In many situations, a choice model that includes characteristics of both the alternatives and the individuals is needed for investigating consumer choice.
Consider an example of travel demand. People are asked to choose among travel by auto, plane, or public transit (bus or train).
The following SAS statements create the data set Travel
. The variables AutoTime
, PlanTime
, and TranTime
represent the total travel time that is required to get to a destination by using auto, plane, or public transit, respectively.
The variable Age
represents the age of each individual who is surveyed, and the variable Chosen
contains each individual’s choice of travel mode.
data Travel; input AutoTime PlanTime TranTime Age Chosen $; AgeCtr=Age-34; datalines; 10.0 4.5 10.5 32 Plane 5.5 4.0 7.5 13 Auto 4.5 6.0 5.5 41 Transit 3.5 2.0 5.0 41 Transit 1.5 4.5 4.0 47 Auto 10.5 3.0 10.5 24 Plane 7.0 3.0 9.0 27 Auto 9.0 3.5 9.0 21 Plane 4.0 5.0 5.5 23 Auto 22.0 4.5 22.5 30 Plane 7.5 5.5 10.0 58 Plane 11.5 3.5 11.5 36 Transit 3.5 4.5 4.5 43 Auto 12.0 3.0 11.0 33 Plane 18.0 5.5 20.0 30 Plane 23.0 5.5 21.5 28 Plane 4.0 3.0 4.5 44 Plane 5.0 2.5 7.0 37 Transit 3.5 2.0 7.0 45 Auto 12.5 3.5 15.5 35 Plane 1.5 4.0 2.0 22 Auto ;
In this example, the AutoTime
, PlanTime
, and TranTime
variables apply to the alternatives, whereas Age
is a characteristic of the individuals. AgeCtr
, a centered version of Age
, is created by subtracting the sample’s mean age from each individual’s age. To study how the choice depends on both the
travel time and age of the individuals, you need to incorporate both types of variables.

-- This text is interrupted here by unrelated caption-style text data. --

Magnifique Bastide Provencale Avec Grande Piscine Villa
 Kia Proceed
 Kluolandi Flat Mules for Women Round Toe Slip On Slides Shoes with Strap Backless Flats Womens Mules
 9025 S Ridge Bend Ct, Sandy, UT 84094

Before you invoke PROC BCHOICE to fit a choice logit model, you must arrange your data in such a way that there is one observation
for each combination of individual and alternative. In this example, let Subject
identify the individuals, let TravTime
represent the travel time for each mode of transportation, and let Choice
have the value 1 if the alternative is chosen and 0 otherwise. The following SAS statements rearrange the data set Travel
into a new data set, Travel2
, and display the first nine observations:
data Travel2(keep=Subject Mode TravTime Age AgeCtr Choice); array Times[3] AutoTime PlanTime TranTime; array Allmodes[3] $ _temporary_ ('Auto' 'Plane' 'Transit'); set Travel; Subject = _n_; do i = 1 to 3; Mode = Allmodes[i]; TravTime = Times[i]; Choice = (Chosen eq Mode); output; end; run;
proc print data=Travel2 (obs=20); by Subject; id Subject; run;
The data for the first nine observations is shown in Output 27.1.1.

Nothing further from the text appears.